My guiding principles
Complete clarity of business goals and motivations
Before getting even remotely close to considering a technical solution design I seek to understand and clarify the underlying business needs and drivers. This usually saves everyone involved a lot of time, effort, money, and emotional resources. Data-centric projects are prone to drifting towards non-functional requirements, however projects where data ROI can be calculated tend to be the most successful.
Every business is a people business
Every technical system ever built has been built to serve needs of a human. Furthermore, most of the systems are maintained and used by humans, each with unique needs and setups. Thus, I take the stakeholders' and end-users' midsets, skills, and perspectives as one of the major non-functional requirements when developing a technical solution.
Constant iteration and user involvement
To stay as aligned as possible with the desired outcome and to win over end-users from day one I iterate a lot and make sure to receive the feeback on each meaningful increment both from the main stakeholders as well as people who are going to be actually using the solution.

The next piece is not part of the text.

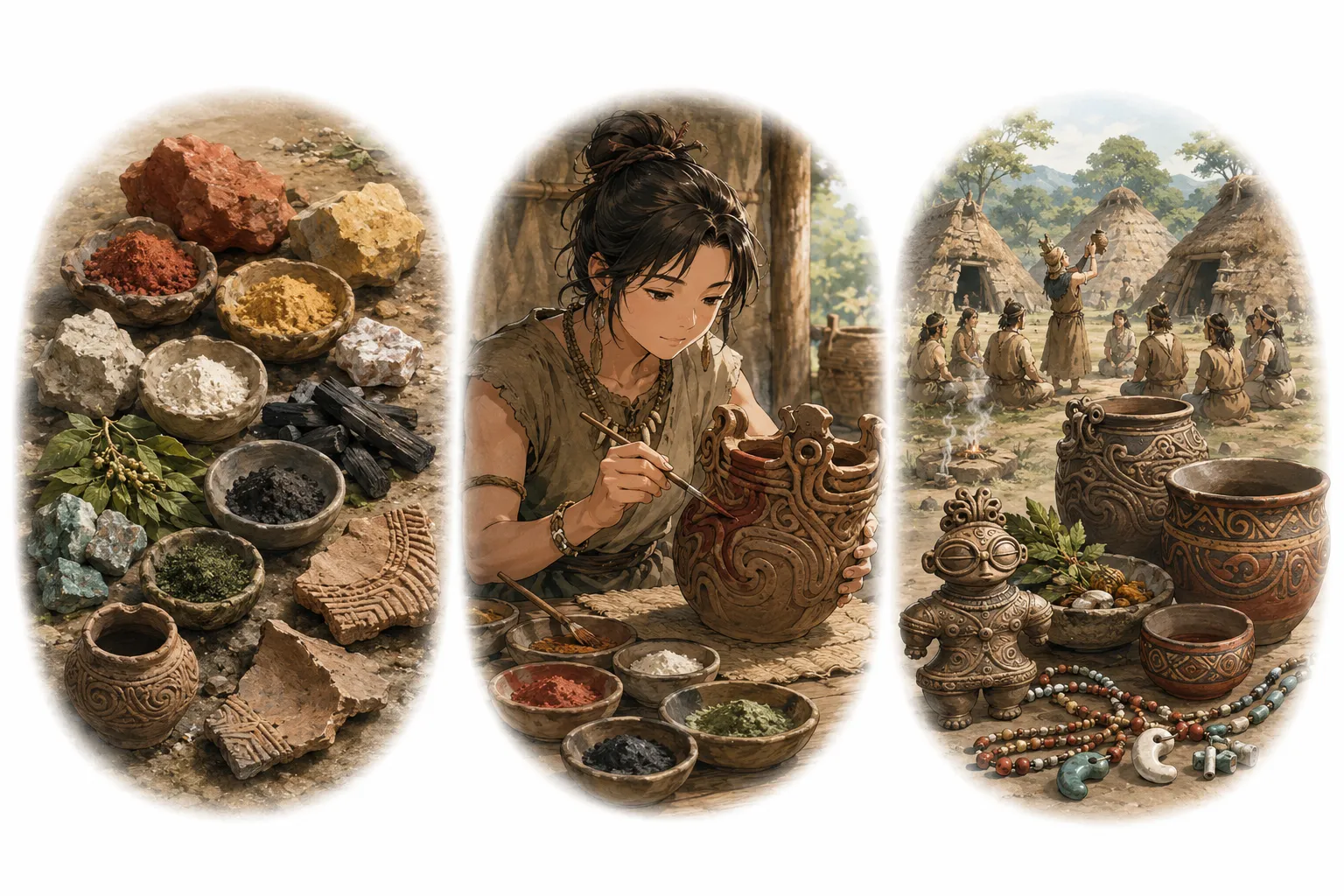 日本では、土・鉱物・植物の色が暮らしと信仰に根づきました イメージ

Conservative with the tooling but on a constant lookout for 10X enablers
One of the constants of the contemporary data and cloud computing markets are the new tools and frameworks popping up every single day. I approch tool selection pragmatically. With a primary focus is on optimising development and maintenance efforts while keeping quality and security hight, I rely heavily on my experience when (re-)designing a technical system. However, another constant is that one out of hundred of new tools is a 10X enabler. Thus, I have a routine to keep myself up-to-date with new developments and introduce those into my practice when feasible.
Buy. Build only if absolutely necessary
This is an extension of the previous principle. These days there is a great fully managed tool to cover almost every imaginable business need in the domains of data and cloud computing. I would invest in those fully managed tools every day of the week, taking into the account that the main cost of building technical systems is in maintenance—not development. With fully managed tools you can hit the ground running on day one and forget about building and further maintaining dozen aspects (automation, security, user interfaces, permissions management, etc.) that can consume a lot of time and effort.